The text and code from Paul Bourke’s paper uses the “focal length” of the view to calculate the appropriate eye separation for left and right eye views.
What is focal length in this context? It’s clearly not lens focal length as the term is used in photography. An illustration from the paper suggests that it might be the distance from the camera position to the far plane of the frustum, but it’s not that either.
The sample code sets a fixed focal length of 100, and a near clipping plane of focal_length/5.
Is the focal length the distance to the furthest point in the bounding sphere of my 3D objects?
My app allows the user to change the distance from the “camera” to my 3D object, which creates closeup views of my 3D object. Presumably, that will change the focal length, but maybe not?
focal length should be distance between the origin
and the point where the 2 viewpoints cross over. At this point there will appear to be no stereo separation. This point will appear to the viewer to be at the surface of his/her monitor. Any point past the focal point in the scene will appear behind the monitor. Any point before the focal point will appear to be in front of the monitor.
hope this helps
i think the guys diagrams are confusing and not helpful at all really
As another poster suggested, I asked the author of the paper directly. He confirmed what you said, that “focal length” is the zero parallax point, where the two views line up.
Here’s another somewhat related question.
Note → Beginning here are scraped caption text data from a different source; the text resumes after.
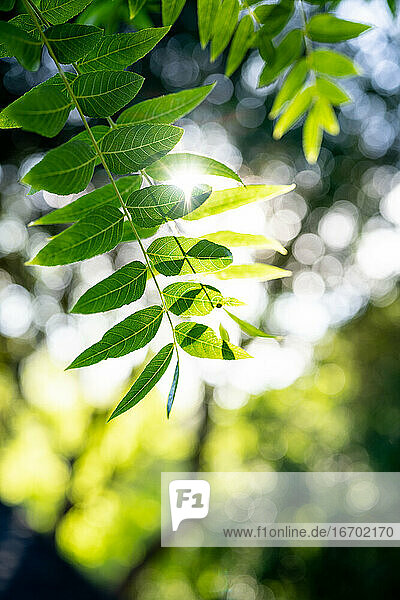 Sonnenlicht durch grüne Baumblätter mit geringer Schärfentiefe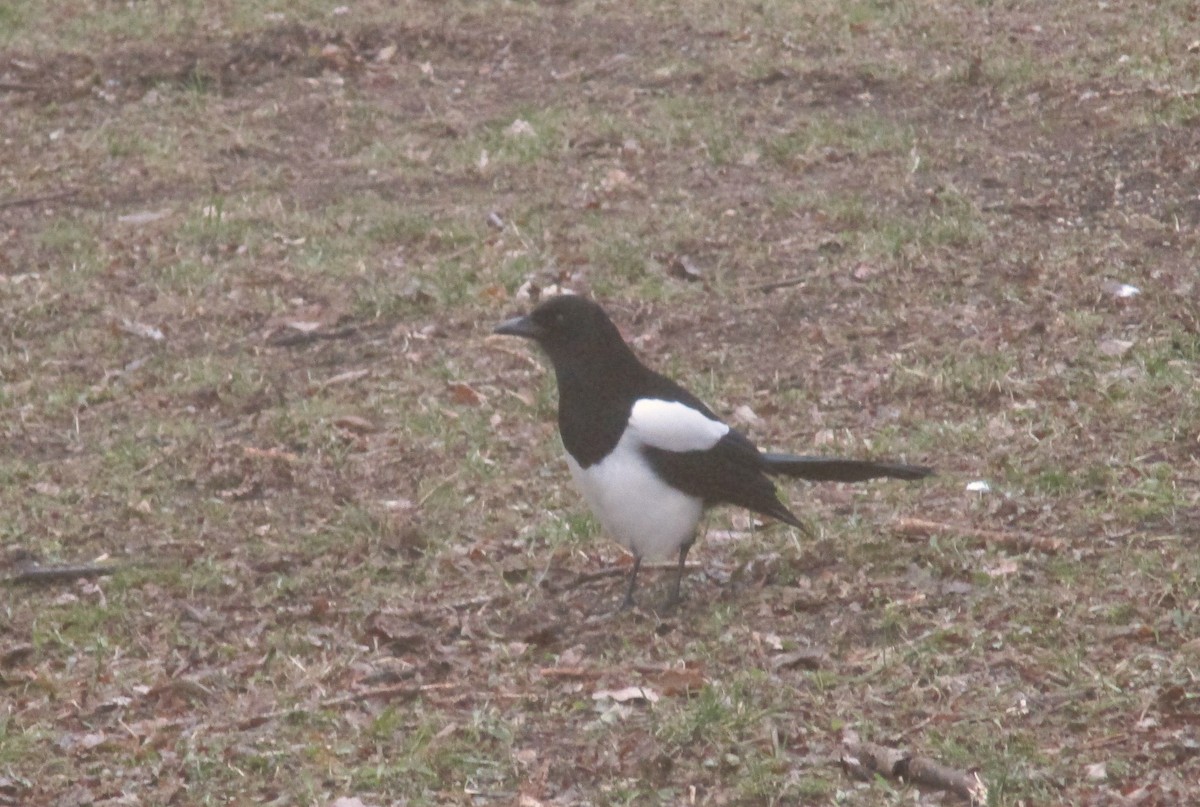 Eurasian Magpie - ML613898167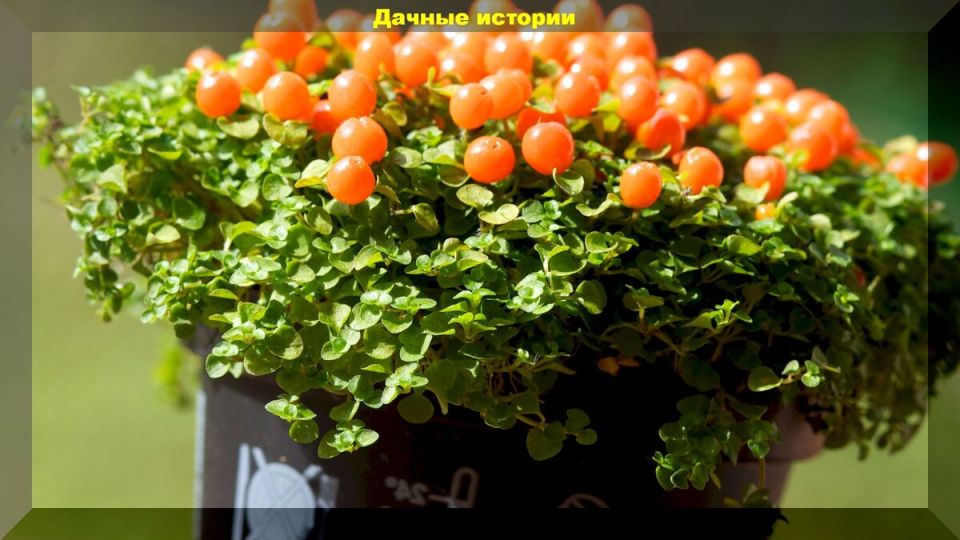 Плодовые комнатные растения: как вырастить урожай прямо на подоконнике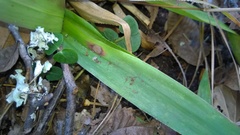 Dichanthelium commutatum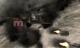 Air Conflicts: Secret Wars PC 7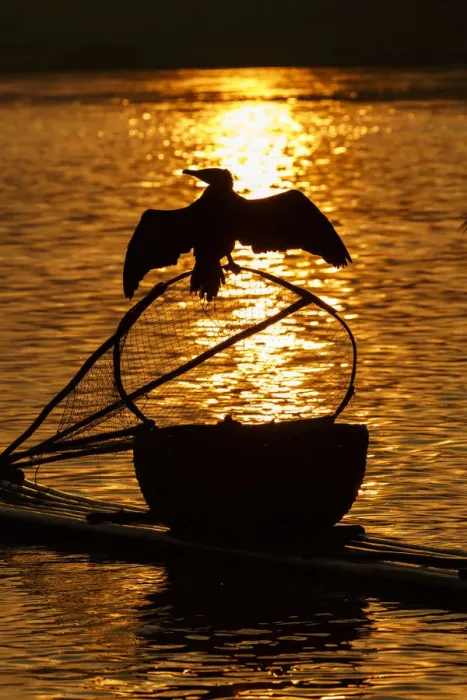 Framed Print : Cormorant on net, Li River, near Xingping, China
My app plots a single 3D object, a polygon mesh that is a height map of a fractal image. The shape can be scaled or rotated arbitrarily.
I’d like for my stereoscopic view to be able to set the zero parallax point anywhere from the frontmost point in the object to the rear-most point in the object. I will have an input value that ranges from -1 to 1, where 1 places the object completely in front of the screen, 0 centers the object on the plane of the screen, and 1 places the object completely behind the plane of the screen.
How do I (efficiently) calculate the plane of the closest point in my object and the plane of the furthest point in my object, at the current scale and rotation?
To plot my object, I set the current matrix mode to the model view, use gluLookAt to set the camera position, and then glRotate to rotate my model view.
I should have been clearer. I use the model view matrix to scale, rotate, and place my object.
I use the projection matrix to adjust the display frustum for the left and right eye camera views.
I use the model view matrix to shift the camera position for the left and right eye views.
This is as the paper by Paul Bourke describes.
The parallax shifts from moving the camera are DESIRED, not an error. In natural vision each eye has a parallax shift, and that is what creates the stereoscopic effect.
What I want to do is figure out the front plane and back bounding plane of my object from camera position. I could use those values to set the near and far limits of the zero parallax distance (or “focal length” as Paul Bourke’s paper names it)
I’m no expert on 3D modeling, so I need help figuring this out.